• _Dataset items_

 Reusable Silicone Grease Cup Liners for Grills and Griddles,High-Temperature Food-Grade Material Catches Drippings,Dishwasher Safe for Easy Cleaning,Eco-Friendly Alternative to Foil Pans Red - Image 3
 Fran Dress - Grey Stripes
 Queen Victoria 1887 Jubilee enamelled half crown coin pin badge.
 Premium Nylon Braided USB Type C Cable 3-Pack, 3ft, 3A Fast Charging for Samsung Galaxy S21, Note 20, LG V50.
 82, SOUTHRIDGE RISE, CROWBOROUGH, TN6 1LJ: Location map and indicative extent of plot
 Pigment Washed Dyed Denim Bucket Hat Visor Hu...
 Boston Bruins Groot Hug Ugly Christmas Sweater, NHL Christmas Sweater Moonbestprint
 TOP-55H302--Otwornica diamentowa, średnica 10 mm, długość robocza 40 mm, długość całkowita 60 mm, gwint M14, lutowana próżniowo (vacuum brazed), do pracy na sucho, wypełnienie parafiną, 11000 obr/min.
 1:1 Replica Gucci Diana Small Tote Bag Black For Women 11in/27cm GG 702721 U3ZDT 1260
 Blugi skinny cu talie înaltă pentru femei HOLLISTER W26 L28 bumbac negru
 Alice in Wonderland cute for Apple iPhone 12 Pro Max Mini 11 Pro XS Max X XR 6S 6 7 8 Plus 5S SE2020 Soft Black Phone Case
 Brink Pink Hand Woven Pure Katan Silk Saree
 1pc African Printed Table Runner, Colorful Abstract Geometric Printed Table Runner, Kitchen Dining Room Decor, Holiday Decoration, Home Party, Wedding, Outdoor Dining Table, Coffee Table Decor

• _What to work on_
Restate all of the data above. Match it word for word.

• _Output of the task_
 Reusable Silicone Grease Cup Liners for Grills and Griddles,High-Temperature Food-Grade Material Catches Drippings,Dishwasher Safe for Easy Cleaning,Eco-Friendly Alternative to Foil Pans Red - Image 3
 Fran Dress - Grey Stripes
 Queen Victoria 1887 Jubilee enamelled half crown coin pin badge.
 Premium Nylon Braided USB Type C Cable 3-Pack, 3ft, 3A Fast Charging for Samsung Galaxy S21, Note 20, LG V50.
 82, SOUTHRIDGE RISE, CROWBOROUGH, TN6 1LJ: Location map and indicative extent of plot
 Pigment Washed Dyed Denim Bucket Hat Visor Hu...
 Boston Bruins Groot Hug Ugly Christmas Sweater, NHL Christmas Sweater Moonbestprint
 TOP-55H302--Otwornica diamentowa, średnica 10 mm, długość robocza 40 mm, długość całkowita 60 mm, gwint M14, lutowana próżniowo (vacuum brazed), do pracy na sucho, wypełnienie parafiną, 11000 obr/min.
 1:1 Replica Gucci Diana Small Tote Bag Black For Women 11in/27cm GG 702721 U3ZDT 1260
 Blugi skinny cu talie înaltă pentru femei HOLLISTER W26 L28 bumbac negru
 Alice in Wonderland cute for Apple iPhone 12 Pro Max Mini 11 Pro XS Max X XR 6S 6 7 8 Plus 5S SE2020 Soft Black Phone Case
 Brink Pink Hand Woven Pure Katan Silk Saree
 1pc African Printed Table Runner, Colorful Abstract Geometric Printed Table Runner, Kitchen Dining Room Decor, Holiday Decoration, Home Party, Wedding, Outdoor Dining Table, Coffee Table Decor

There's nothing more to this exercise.